Which of the lines below include "Anime"? Each one should be copied out.

======== GIVEN RECORDS

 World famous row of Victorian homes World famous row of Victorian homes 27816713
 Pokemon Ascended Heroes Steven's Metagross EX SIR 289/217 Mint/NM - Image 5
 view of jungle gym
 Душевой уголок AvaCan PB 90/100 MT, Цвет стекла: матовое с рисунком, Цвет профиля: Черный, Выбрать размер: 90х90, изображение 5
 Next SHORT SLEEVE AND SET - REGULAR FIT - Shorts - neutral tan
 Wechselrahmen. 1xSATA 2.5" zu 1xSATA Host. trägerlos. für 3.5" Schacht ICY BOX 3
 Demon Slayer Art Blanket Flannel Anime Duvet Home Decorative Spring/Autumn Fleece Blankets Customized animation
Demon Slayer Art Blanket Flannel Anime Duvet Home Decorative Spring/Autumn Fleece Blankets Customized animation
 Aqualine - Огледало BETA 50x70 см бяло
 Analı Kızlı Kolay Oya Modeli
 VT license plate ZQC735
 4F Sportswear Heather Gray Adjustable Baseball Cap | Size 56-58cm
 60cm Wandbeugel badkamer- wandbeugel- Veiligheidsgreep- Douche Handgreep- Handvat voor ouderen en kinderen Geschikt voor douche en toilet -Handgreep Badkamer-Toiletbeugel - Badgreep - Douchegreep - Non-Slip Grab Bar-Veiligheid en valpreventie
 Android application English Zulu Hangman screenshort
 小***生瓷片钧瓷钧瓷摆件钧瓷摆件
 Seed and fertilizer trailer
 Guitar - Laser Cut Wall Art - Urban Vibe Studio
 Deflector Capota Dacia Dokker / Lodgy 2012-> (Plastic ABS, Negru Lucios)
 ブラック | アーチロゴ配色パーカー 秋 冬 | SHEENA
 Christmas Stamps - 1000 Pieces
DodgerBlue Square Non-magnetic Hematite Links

================

▶ **WRITTEN RESPONSE**:
 Demon Slayer Art Blanket Flannel Anime Duvet Home Decorative Spring/Autumn Fleece Blankets Customized animation
Demon Slayer Art Blanket Flannel Anime Duvet Home Decorative Spring/Autumn Fleece Blankets Customized animation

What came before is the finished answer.